Both the NWHL and PWHPA are fighting for gender equality in professional hockey, as the game doesn’t provide an equal opportunity for everyone simply based on gender identity. However, another lingering injustice speaks to the value of intersectionality.
Following the murder of George Floyd—and many other deaths of Black people —the most significant civil rights protests in over a half-century have erupted across North America. It has sparked conversations about police brutality and systemic racism.
Racism is an issue that transcends sports, but that doesn’t omit the hockey community from taking action. Thus, the NWHL and PWHPA are amplifying marginalized voices in the fight against racism in hockey. Silence has enabled and justified these injustices.
Saroya Tinker—recently selected fourth overall by the Metropolitan Riveters in the 2020 NWHL Draft—shared her experience in hockey as a woman of colour. Not only is her gender a barrier, but Tinker has also felt unwelcome in hockey due to her skin colour.

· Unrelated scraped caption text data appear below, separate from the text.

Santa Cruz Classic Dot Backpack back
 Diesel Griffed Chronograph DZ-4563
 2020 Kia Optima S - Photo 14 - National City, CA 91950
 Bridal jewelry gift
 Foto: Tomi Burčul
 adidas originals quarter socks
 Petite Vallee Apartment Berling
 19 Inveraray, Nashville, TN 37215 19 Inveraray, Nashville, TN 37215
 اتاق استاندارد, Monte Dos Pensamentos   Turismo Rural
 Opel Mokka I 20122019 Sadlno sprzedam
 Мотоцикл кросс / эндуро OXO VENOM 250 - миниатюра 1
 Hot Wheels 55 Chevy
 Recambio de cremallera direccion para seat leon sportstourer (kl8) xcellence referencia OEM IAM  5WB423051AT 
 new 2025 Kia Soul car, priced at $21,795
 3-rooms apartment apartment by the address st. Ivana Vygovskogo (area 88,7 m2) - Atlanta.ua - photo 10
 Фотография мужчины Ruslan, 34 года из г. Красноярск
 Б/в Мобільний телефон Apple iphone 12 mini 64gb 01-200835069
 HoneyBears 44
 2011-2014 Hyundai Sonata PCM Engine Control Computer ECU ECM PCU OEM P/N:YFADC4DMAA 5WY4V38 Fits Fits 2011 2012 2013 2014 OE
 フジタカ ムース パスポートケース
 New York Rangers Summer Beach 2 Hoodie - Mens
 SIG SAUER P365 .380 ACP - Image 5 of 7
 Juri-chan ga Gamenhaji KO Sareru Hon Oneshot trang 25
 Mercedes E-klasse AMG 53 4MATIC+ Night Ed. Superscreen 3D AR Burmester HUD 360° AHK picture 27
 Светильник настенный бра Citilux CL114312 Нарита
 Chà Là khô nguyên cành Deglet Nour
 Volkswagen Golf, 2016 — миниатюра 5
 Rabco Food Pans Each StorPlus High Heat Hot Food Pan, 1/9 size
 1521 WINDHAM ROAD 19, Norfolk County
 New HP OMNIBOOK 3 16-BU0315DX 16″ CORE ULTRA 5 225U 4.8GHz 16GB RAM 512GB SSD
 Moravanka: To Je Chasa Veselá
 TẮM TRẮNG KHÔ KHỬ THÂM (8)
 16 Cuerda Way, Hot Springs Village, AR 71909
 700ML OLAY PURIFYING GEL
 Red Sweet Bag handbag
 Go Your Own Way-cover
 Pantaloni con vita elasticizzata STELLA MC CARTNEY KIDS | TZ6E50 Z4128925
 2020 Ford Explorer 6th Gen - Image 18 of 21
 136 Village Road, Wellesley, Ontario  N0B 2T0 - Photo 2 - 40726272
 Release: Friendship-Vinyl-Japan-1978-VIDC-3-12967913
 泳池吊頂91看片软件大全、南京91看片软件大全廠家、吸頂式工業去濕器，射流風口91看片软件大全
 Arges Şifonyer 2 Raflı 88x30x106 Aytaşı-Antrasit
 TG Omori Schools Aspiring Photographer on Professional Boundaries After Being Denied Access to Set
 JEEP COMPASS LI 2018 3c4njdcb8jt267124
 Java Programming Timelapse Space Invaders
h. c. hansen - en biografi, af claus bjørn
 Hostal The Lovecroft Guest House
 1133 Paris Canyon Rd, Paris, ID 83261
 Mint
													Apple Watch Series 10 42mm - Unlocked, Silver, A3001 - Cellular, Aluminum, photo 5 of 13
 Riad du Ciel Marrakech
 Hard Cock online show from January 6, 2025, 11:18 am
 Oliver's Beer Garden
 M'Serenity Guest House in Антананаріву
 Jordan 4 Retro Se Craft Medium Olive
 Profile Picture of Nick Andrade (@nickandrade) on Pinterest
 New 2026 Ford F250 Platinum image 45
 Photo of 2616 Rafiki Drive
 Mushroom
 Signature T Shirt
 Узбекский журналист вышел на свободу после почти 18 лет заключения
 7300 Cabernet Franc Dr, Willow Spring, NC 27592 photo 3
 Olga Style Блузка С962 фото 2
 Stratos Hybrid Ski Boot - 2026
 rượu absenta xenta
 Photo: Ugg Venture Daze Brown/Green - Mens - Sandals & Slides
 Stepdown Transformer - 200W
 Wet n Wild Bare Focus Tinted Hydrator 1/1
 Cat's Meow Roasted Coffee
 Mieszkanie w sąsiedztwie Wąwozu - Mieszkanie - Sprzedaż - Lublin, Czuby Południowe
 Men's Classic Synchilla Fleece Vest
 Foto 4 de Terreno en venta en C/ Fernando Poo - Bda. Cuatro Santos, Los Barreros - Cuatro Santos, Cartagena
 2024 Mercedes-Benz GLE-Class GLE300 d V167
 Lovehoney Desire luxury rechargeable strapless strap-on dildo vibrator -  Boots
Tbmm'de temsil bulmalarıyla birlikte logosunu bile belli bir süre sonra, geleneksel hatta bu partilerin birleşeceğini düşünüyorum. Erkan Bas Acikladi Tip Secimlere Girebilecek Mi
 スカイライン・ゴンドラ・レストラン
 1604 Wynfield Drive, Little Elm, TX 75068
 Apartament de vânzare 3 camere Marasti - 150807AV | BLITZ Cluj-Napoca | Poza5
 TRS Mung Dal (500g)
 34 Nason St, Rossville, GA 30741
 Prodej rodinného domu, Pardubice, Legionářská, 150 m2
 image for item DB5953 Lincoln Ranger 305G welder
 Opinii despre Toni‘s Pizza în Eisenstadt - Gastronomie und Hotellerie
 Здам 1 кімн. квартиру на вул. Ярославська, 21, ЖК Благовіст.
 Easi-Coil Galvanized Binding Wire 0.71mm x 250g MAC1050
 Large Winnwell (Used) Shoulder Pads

“Some of my former teammates lack the understanding of the African-American community and that of white supremacy,” Tinker said in her personalized statement on Twitter. “[…] In this case, I am, and always will be, inferior to my White teammates.”
Sarah Nurse—a member of the PWHPA and Team Canada—also spoke out regarding racism in society. She referred to George Floyd’s murder as yet another example of devaluing Black lives, urging people to incorporate anti-racism in their everyday lives.
Blake Bolden—a member of the PWHPA and the first Black player in the NWHL—has engaged in deep conversations about racism in hockey. Along with Nurse, Bolden was featured in The Hockey News and also appeared on Sports Talk with Erica L. Ayala.
If you’re looking for valuable resources on the matter, Jashvina Shah has published information on how to be an ally through education, action and support. There’s also a thorough guide on ways you can help in becoming anti-racist as opposed to “not racist.”